(By Balachander) TiVo Inc. (NASDAQ:TIVO) shares fell as much as 6.7 percent in early trade on Thursday a day after the digital-video company posted a quarterly loss as operating expenses jumped nearly 22 percent.
A regulatory filing late Wednesday also showed hedge-fund manager Steve Cohen's SAC Capital raised its stake in TiVo to 5.2 percent or roughly 6.46 million shares.
The company's loss for the second quarter widened to 23 cents per share from 17 cents last year.
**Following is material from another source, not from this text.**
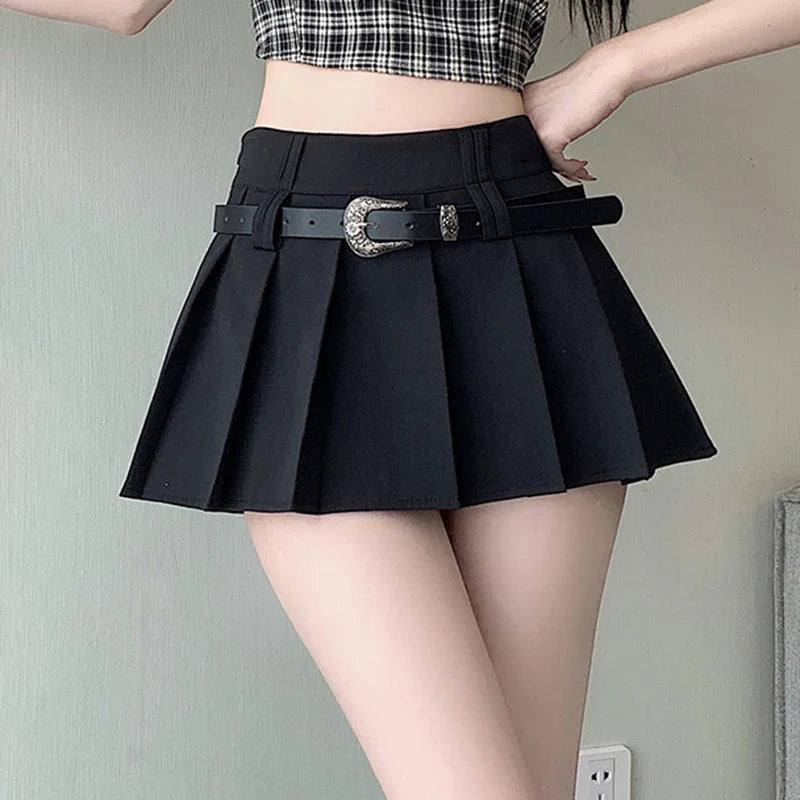 lovwvol Low Rise Pleated Skirt with Belt Skater Skirt Women Teengirl Miniskirt e-girl Y2K Aesthetic 90s Spring Summer Outfit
Revenue rose 7 percent to $65.25 million.
Alviso, California-based TiVo's total subscribers rose by 230,000 in the three months ended July 31, compared with a loss of 33,000 a year earlier.
"TiVo is executing well and it should become more apparent in fiscal 2014," says Brean Murray, Carret & Co analyst Todd Mitchell, who has a "Buy" rating on the stock with a price target of $14.
"Investors can take heart that value is being created, but the bull case for the stock remains the litigation calendar, with Verizon (VZ) going to trial in October, followed by Motorola in the Spring and Cisco in the Fall," the analyst wrote in a note.
For the third quarter, TiVo forecasts a net loss of $27 million to $29 million.
Mitchell looks for 258,000 net adds in fiscal 3Q13, and just over 1 million for the year. The analyst expects growth from Virgin and ONO, offset by net churn at DirecTV.
"Comcast (CMCSA) will expand to new markets, which should help retail O&O gross adds, but we are cautious on the potential here," the analyst wrote. "The delta is Charter, which could put TiVo on a path to 10 million subs, but may take longer than expected to begin ramping."
Comcast, the second-largest cable operator in the U.S., will make the TiVo offering available in Sacramento, Portland, and Denver and other markets this year.
Mitchell sees risk in a later-than-expected Charter (CHTR) rollout. The analyst wrote mix will shift, but heavy R&D and higher legal expenses mean operating losses should stay relatively similar in the second half of the year despite higher expected revenue.
TIVO shares, which have been trading in the 52-week range of $7.75 to $12.37, fell 3.74 percent to trade at $9.01 at 10.33 am ET on Thursday.